---- Data to use

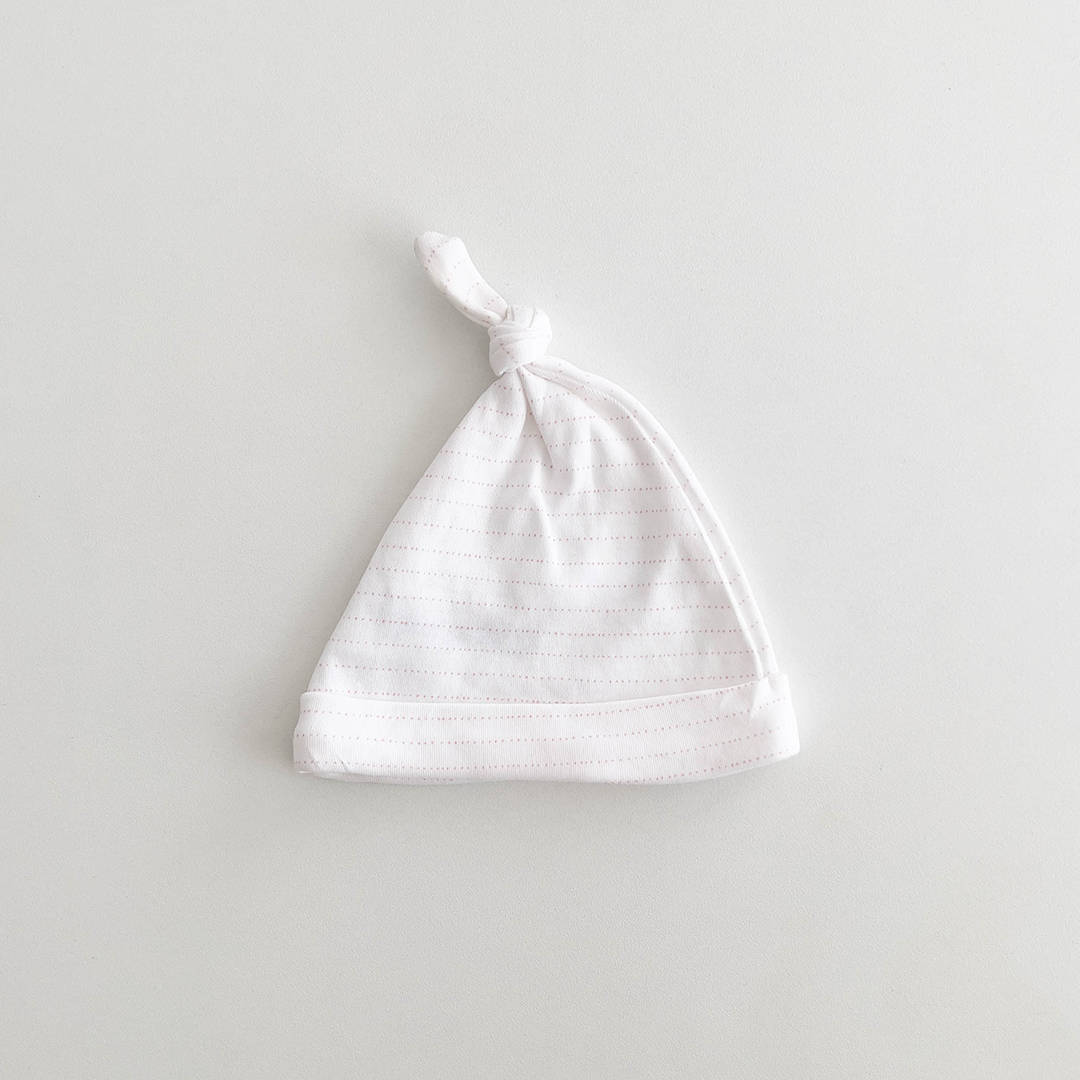 WHITE DOT LINED KNOTED CAP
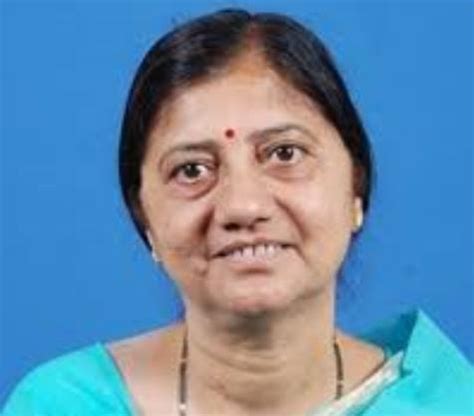 odisha minister usha devis vanity bag stolen  puri durg express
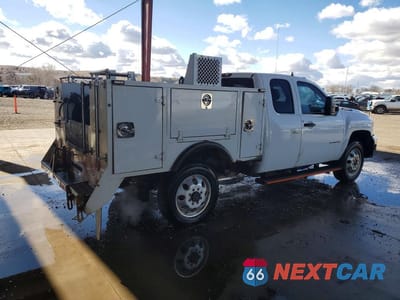 Trzecie zdjęcie samochodu z tyłu: 2013 CHEVROLET SILVERADO 2500 UTILITY / SERVICE TRUCK VIN:1GC2KVCG1DZ205305 - miniatura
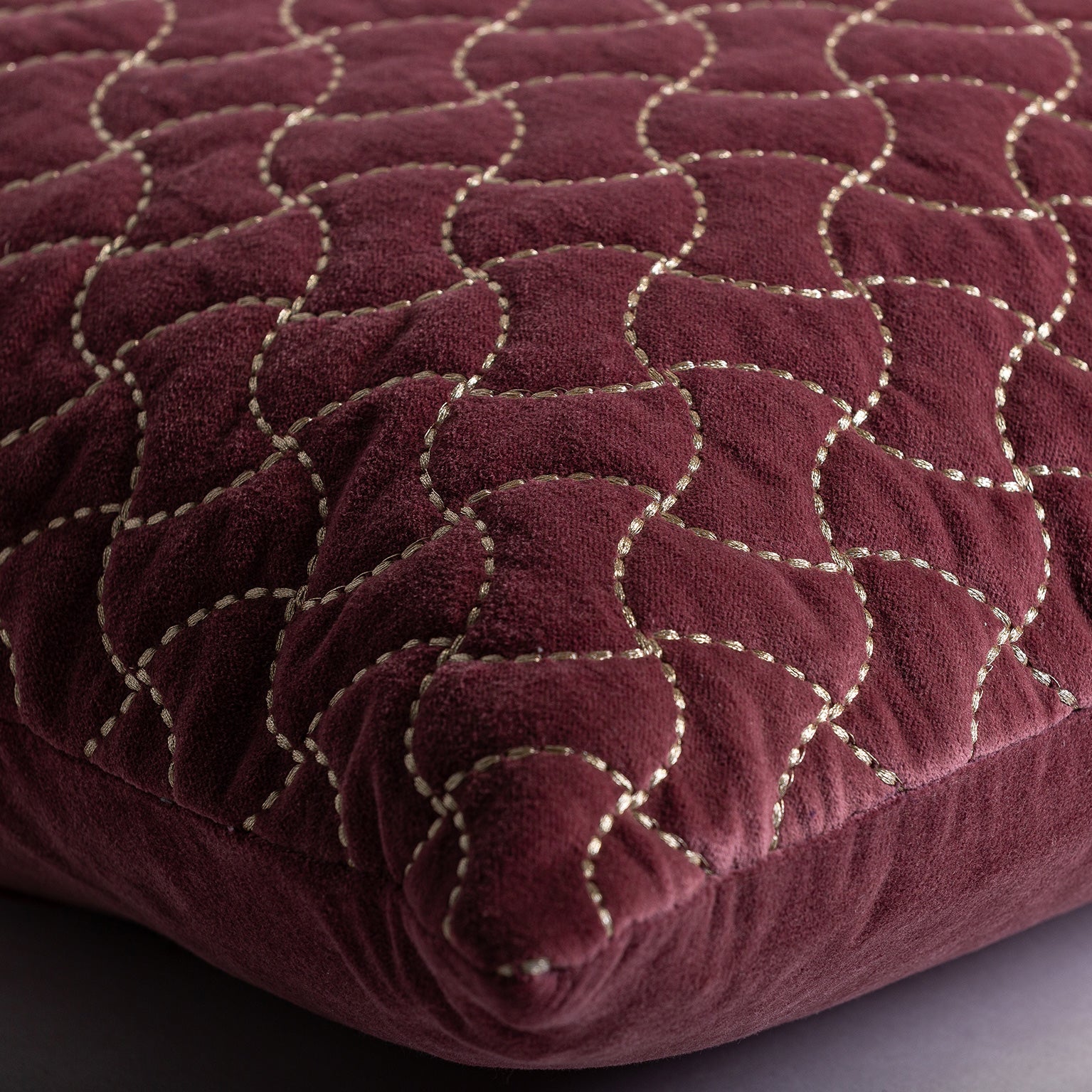 LIS CUSHION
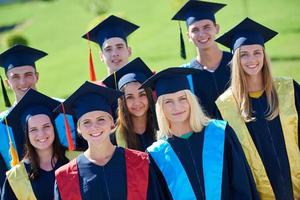 grupo de estudantes jovens graduados foto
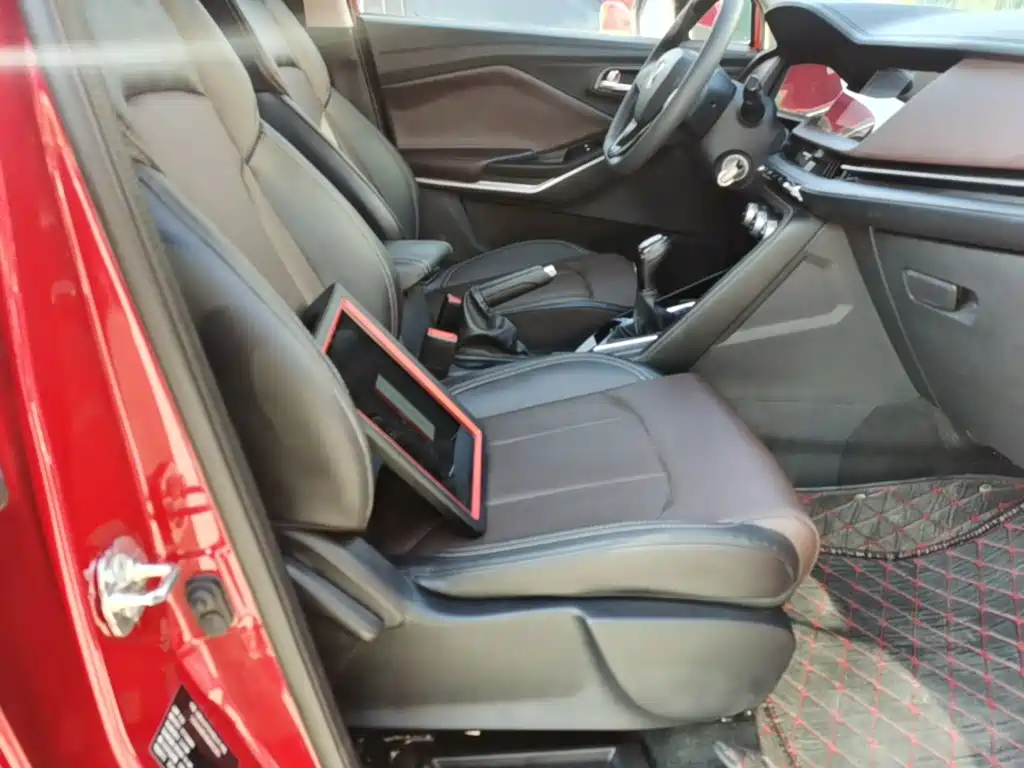 Changan CS15 — миниатюра 25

--------

◆ **How to complete this task**: I need the entries printed exactly, with each picture left out.

◆ **Reply**:
 WHITE DOT LINED KNOTED CAP
 odisha minister usha devis vanity bag stolen  puri durg express
 Trzecie zdjęcie samochodu z tyłu: 2013 CHEVROLET SILVERADO 2500 UTILITY / SERVICE TRUCK VIN:1GC2KVCG1DZ205305 - miniatura
 LIS CUSHION
 grupo de estudantes jovens graduados foto
 Changan CS15 — миниатюра 25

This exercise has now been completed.